Following the refusal of planning permission, the appellants appealed to the respondent under section 78 of the Town and Country Planning Act 1990. The latter appointed an inspector who held an inquiry and made a site visit. By her decision letter, she dismissed the appeals. She held that she was required to undertake a balancing exercise, weighing the harm to the green belt in the light of relevant policies should the appellants be allowed to remain on the sites, against various other considerations that favoured the appellants’ cases. She concluded that the balance came down against the appellants.
The judge dismissed the appellants’ application, under section 288 of the 1990 Act, to quash the inspector’s decision. In the Court of Appeal, the appellants advanced a new ground that had not been raised before the judge, namely that, in breach of section 71(1)(b) of the Race Relations Act 1976, the inspector had failed to have due regard to the requirement “to promote equality of opportunity… between persons of different racial groups”. The court gave permission to the Equality and Human Rights Commission to intervene, since the issues arising under section 71(1) were being considered for the first time by the Court of Appeal in a planning context.
Held: The appeal was dismissed.
The section 71 duty had not been breached. The inspector was been aware of the plight of gypsies and travellers and their disadvantages as compared with the general settled community. It was immaterial whether she had known of the existence of the section 71(1) duty.
Section 71(1) imposed a duty to have due regard to the need to eliminate unlawful racial discrimination or to promote equality of opportunity and good relations between persons of different racial groups, namely regard appropriate in all the circumstances. Those included, on the one hand, the importance of the areas of life of the members of the disadvantaged racial group that were affected by the inequality of opportunity and the extent of the inequality; and, on the other hand, such countervailing factors as were relevant to the function that the decision maker was performing.
In the present case, in discharging that duty, the inspector had been required to take into account the need to promote equality of opportunity for the appellants to have access to housing that would enable them to benefit from education, health care and other social needs. She also had to take into account the powerful countervailing imperative of PPG 2 that the residential use of the three appeal sites constituted inappropriate development in the green belt. Ultimately, how much weight she gave to the various factors was a matter for her planning judgment.
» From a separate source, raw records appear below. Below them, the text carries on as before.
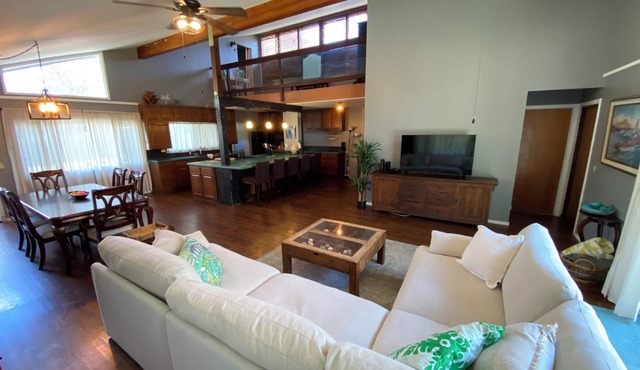 Spacious 6-bedroom house with AC in beautiful Waianae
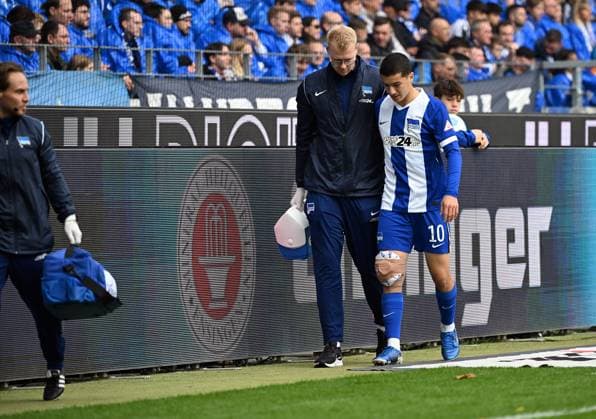 26 10 2024, xjhx, Football 2 Bundesliga, Karlsruher SC Hertha BSC Berlin emspor, v l Ibrahim Maza Hertha BSC Berlin injured, injury, DFL DFB REGULATIONS PROHIBIT ANY USE OF PHOTOGRAPHS as IMAGE SEQUENCES and or QUASI VIDEO Karlsruhe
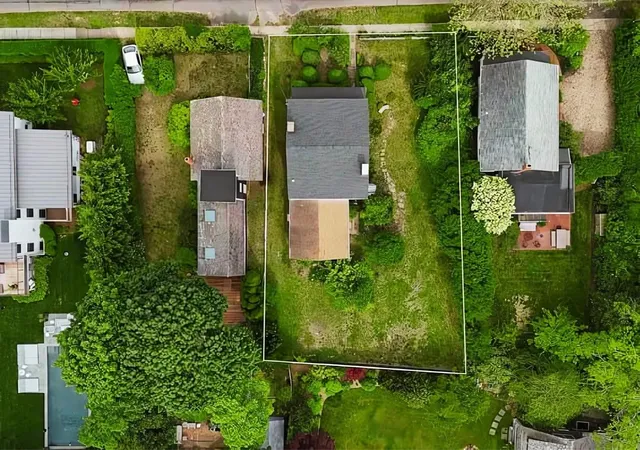 3rd image of 352 Main St, Sag Harbor, NY 11963 | MLS# 884422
The failure of an inspector to make explicit reference to section 71(1) was not determinative of whether he or she had performed his or her duty under the statute. So to hold would be to sacrifice substance to form. The question in every case was whether the decision maker had in substance had due regard to the relevant statutory requirement: R (on the application of Smith) v South Norfolk Council: [2006] EWHC 2772 (Admin); [2006] PLSCS 232 applied.
Although a reference to section 71(1) might not be sufficient to show that the duty had been performed, it was good practice for an inspector to refer to the provision and any relevant material in cases where section 71(1) was in play. By doing so, the decision maker was more likely to ensure that the relevant factors had been taken into account, thus reducing the scope for argument as to whether the duty had been performed.
Richard Drabble QC and Stephen Cottle (instructed by South West Law Ltd, of Bristol) appeared for the appellants; Philip Coppel (instructed by the Treasury Solicitor) appeared for the respondent; Robin Allen QC and Catherine Casserley (instructed by the Equality and Human Rights Commission, of Manchester) appeared for the intervenor.